Under the fire department contract that expired last year, employees were allowed to accumulate up to 240 hours of comp time during their first seven seven years of service, and 312 hours afterward.
Officers and firefighters brought in to cover for colleagues off due to vacations, comp time, contractual obligations and sick leave were the biggest drivers of overtime costs, according to the city comptroller's office.
Acting Chief Terry Ahlers said he has unsuccessfully asked Newburgh's administration to promote additional officers and hire a "floater" to fill vacancies without paying off-duty personnel overtime.
In 2015, the city promoted two lieutenants temporarily as part of a six-month trial, Ahlers said. Overtime appeared to be going down, but after the six months ended, the city did not extend the trial, he said.

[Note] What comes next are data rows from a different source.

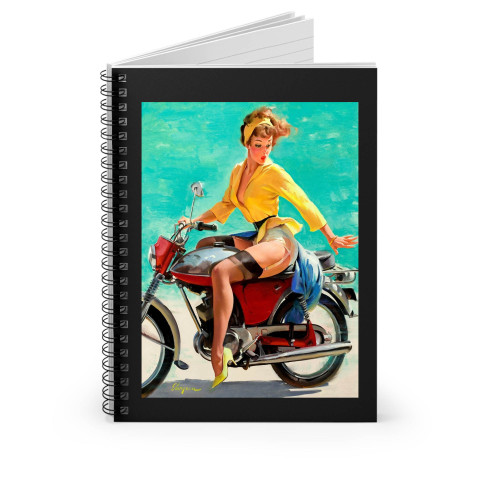 Elvgren Pin-Up Girl Skirting The Issue Spiral Notebook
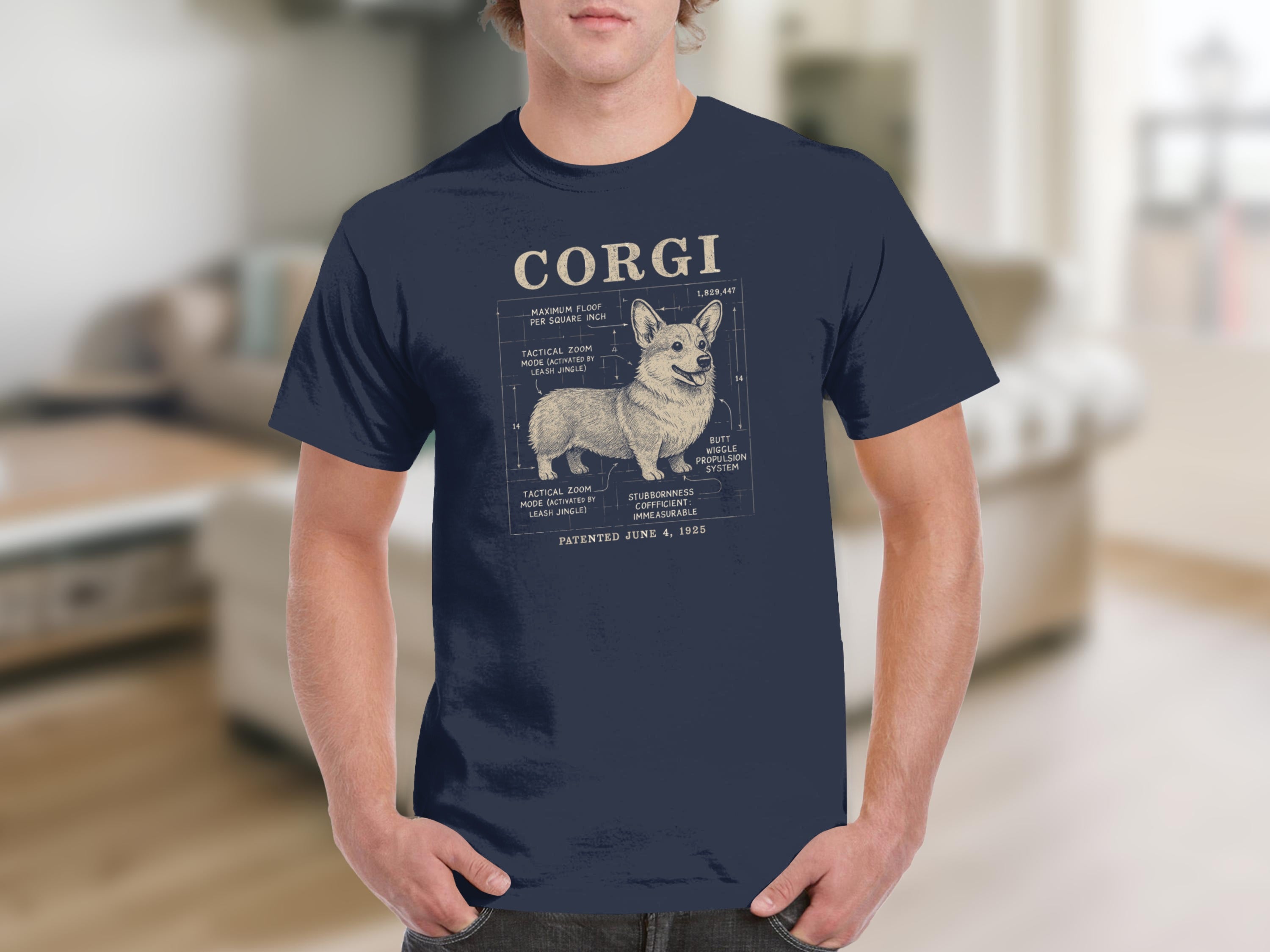 Corgi Diagram Design Navy Color T-Shirt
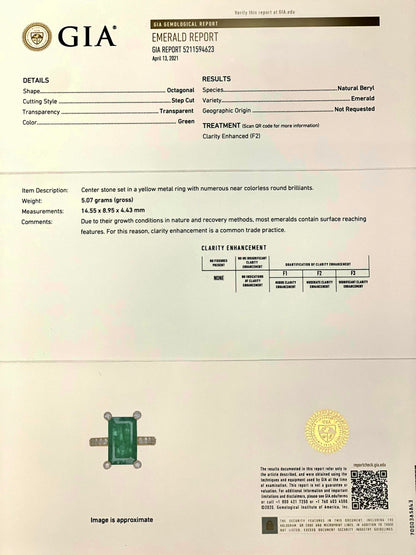 Natural Emerald Diamond Ring 14k Gold 4.37 TCW GIA Certified $6,950 111875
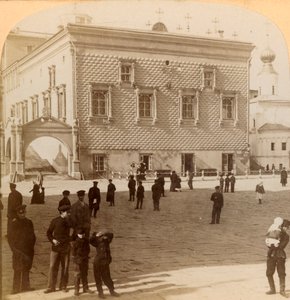 Kuuluisa punainen portaikko ja vanha palatsi, Moskova, Venäjä, 1900. tekijältä Underwood and Underwood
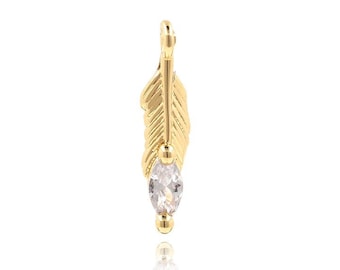 Feather Charm, Micropavé CZ Feather Pendant, 18K Gold Filled Feather Jewelry, Feather Necklace, DIY Jewelry Supplies, 2.5*3*12.5mm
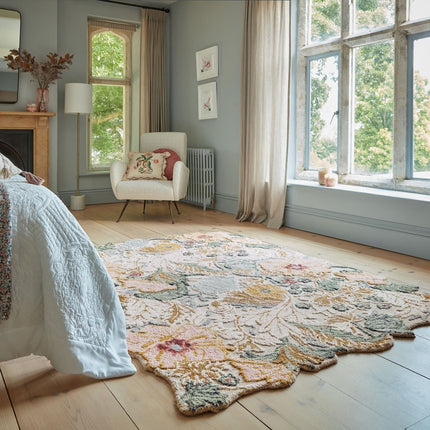 Moderne vloerkleden - Flair Rugs vloerkleed Daphne Shaped Floral Roze - Vloerkledenloods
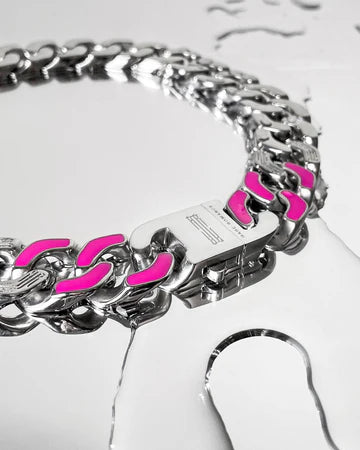 RARE ROMANCE CHUNKY CUBAN LINK NECKLACE PINK ENAMEL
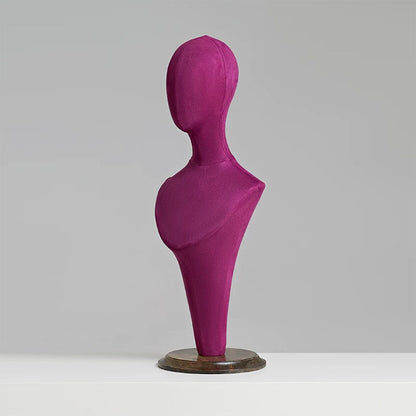 JELIMATE Fabric Mannequin Head Stand with Wood Base for Hat Wig Jewelry Display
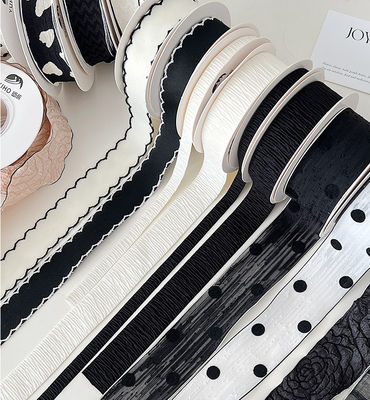 Купить Полиэстер черно-белая серия ленты цветочный букет ремень для аксессуаров для волос DIY ручной работы лук Производство в сети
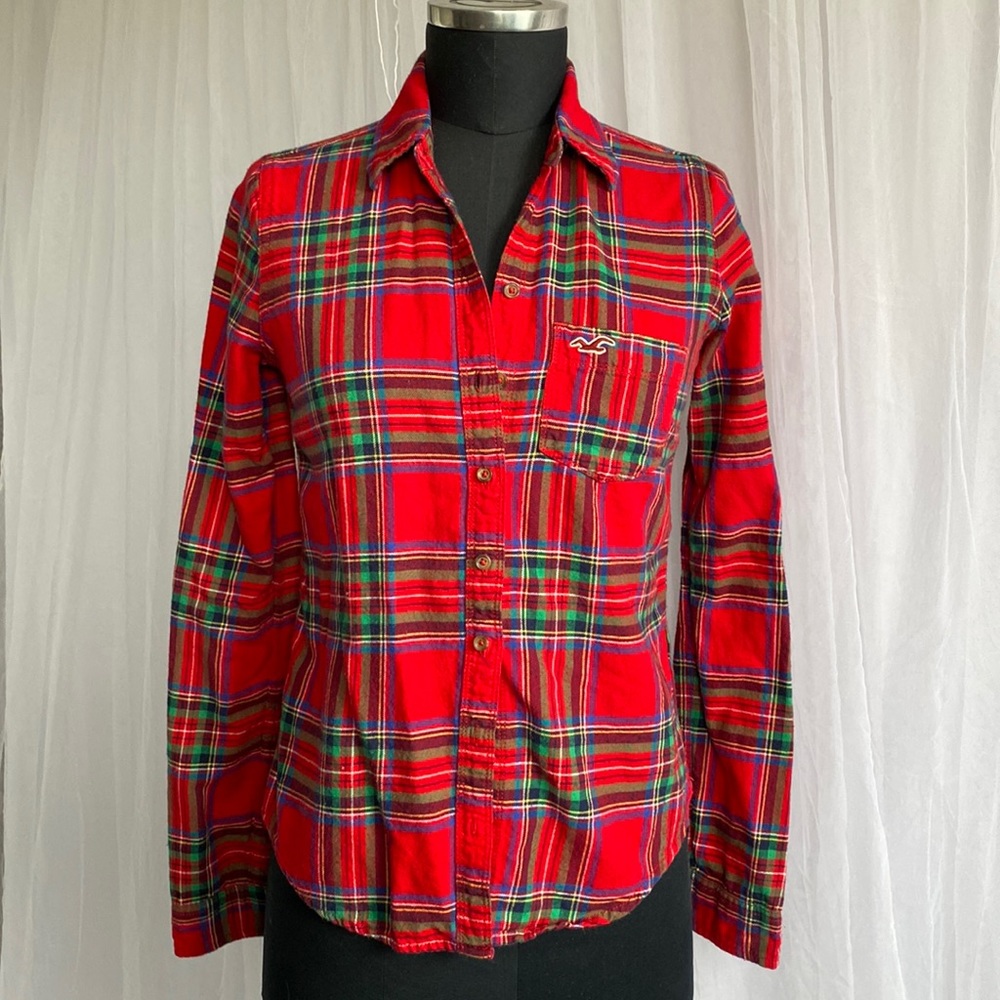 Red and green plaid flannel shirt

During a discussion about fire department overtime on July 5, Ahlers again called for promotions and new hiring.
Through May, the fire department had spent $158,466 covering vacant shifts for captains and lieutenants, Ahlers said. Overtime to fill just vacation requests for assistant chiefs runs around $57,000 a year, while promoting someone to assistant chief to fill absences would cost $18,000, he said.
"By making an $18,000 promotion, we could save at least $40,000 per year just on the assistant chief position," said Ahlers, an assistant chief whom the city must pay overtime for his duties as acting chief.
'It's not fair'
Additional officers would not be enough to significantly reduce overtime costs, said Mack. She instead recommended a review of the department, including its structure, titles and work rules.
"The savings of $30,000 or $15,000 with regards to overtime is not going to be sufficient enough for us to sustain this budget model that we have," said Mack, who recently told the council that $880,000 in savings is being sought in anticipation of an expected shortfall.
Mayor Torrance Harvey wanted assurances that the spending freeze would not affect this year's plan to repave roads.
He also said that other department heads consider a citywide spending freeze unfair.
"It's not fair that a spending freeze would have to happen for all the other departments when there are two departments that are driving us out-of-budget with their overtime," Harvey said. "That remark doesn't come from me; it comes from department heads outside of the two."